Eamon Duffy, professor in church history at the University of Cambridge, is one of the leading contemporary historians of the church. His landmark book The Stripping of the Altars (Yale) challenged the reigning Protestant account of the English Reformation. He also authored a highly acclaimed book on papal history, Saints and Sinners (Yale). He was invited by the Vatican last fall to participate in the symposium examining the history of the Inquisition. Raymond de Souza spoke with Duffy in his office at Magdalene College in Cambridge, England. 

Raymond de Souza: Is there a specifically Christian way of doing the work of a historian?  

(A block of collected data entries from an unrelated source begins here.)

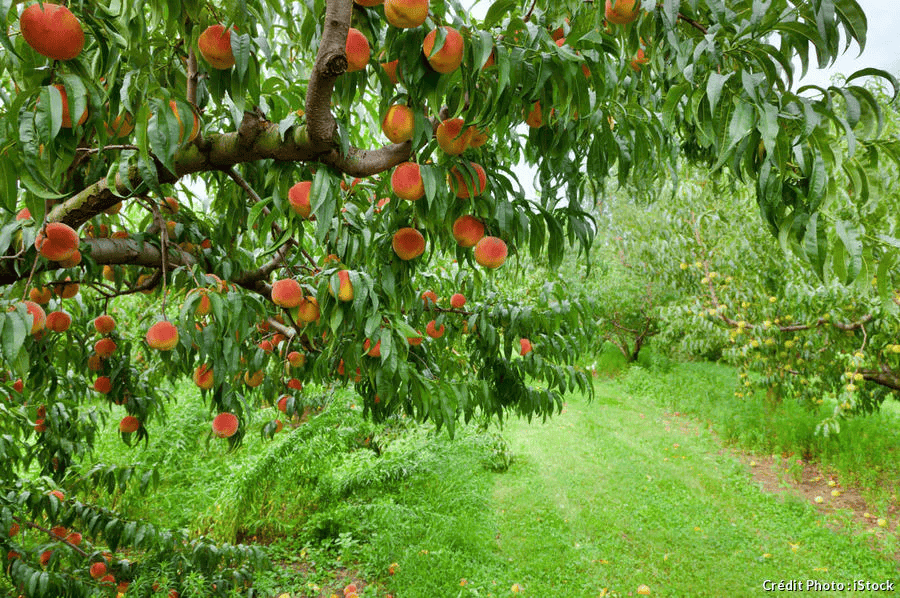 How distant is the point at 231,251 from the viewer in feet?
6.66

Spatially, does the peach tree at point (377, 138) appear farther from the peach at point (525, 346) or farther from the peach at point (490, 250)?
the peach at point (525, 346)

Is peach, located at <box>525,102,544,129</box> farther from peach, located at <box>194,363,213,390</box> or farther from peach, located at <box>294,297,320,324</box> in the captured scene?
peach, located at <box>194,363,213,390</box>

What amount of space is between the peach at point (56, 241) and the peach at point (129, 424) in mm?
1382

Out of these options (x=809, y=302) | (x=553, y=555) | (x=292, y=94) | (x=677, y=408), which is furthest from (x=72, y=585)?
(x=677, y=408)

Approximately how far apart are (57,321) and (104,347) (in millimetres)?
434

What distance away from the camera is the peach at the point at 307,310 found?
70.5 inches

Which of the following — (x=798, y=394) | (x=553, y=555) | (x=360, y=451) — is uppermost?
(x=798, y=394)

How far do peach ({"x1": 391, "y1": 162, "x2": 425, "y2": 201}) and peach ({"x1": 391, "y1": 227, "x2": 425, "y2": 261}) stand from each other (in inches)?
10.4

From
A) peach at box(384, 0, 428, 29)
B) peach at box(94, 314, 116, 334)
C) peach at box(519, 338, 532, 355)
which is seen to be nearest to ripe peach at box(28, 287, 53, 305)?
peach at box(94, 314, 116, 334)

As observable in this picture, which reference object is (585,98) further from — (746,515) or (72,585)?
(746,515)

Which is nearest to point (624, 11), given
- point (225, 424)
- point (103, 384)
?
point (225, 424)

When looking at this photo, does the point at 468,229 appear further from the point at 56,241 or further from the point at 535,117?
the point at 56,241

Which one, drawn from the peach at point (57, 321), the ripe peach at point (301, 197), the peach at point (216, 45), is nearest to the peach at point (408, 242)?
the ripe peach at point (301, 197)

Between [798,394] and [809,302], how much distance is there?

Eamon Duffy: I do not think there is a Christian shape to history in the sense that things move according to God’s plan in any discernible way. I think a Christian approaches history with a sense that human life matters and has meaning and that it is both possible and important to tell the truth. Perhaps that constitutes a Christian approach to history because none of those things can be taken for granted now, even among people practicing history. There are people who practice history who think that it is a branch of the creative arts in the sense that we impose patterns on the past. I believe that we discover patterns in the past.

de Souza: Would that make Christians better historians?  

Duffy: I do not think Christians are necessarily better historians or more truthful historians than other people. Some Christian historians have been shabby workmen and rather economical with the truth. In England, for example, Cardinal Francis Aidan Gasquet, a great Benedictine historian, was both a bad workman and not entirely scrupulous about what he said. So you can be a churchman and a lousy historian. There are perfectly good secular historians who have all the virtues that I have said I thought a Christian ought to practice. I suppose a Christian also comes to the past equipped with a certain set of assumptions about the way human beings behave, why they behave in particular ways, and with a set of prejudices and ideas which are a result of one’s own religious formation. That used to be thought disabling in a historian—to have a point of view, to have a prejudice or a set of expectations. In fact, all historians, whether they are Christians or not, have a point of view, have a set of prejudices. The important thing is to know what you have got and to use it as a tool, not as a fortress wall.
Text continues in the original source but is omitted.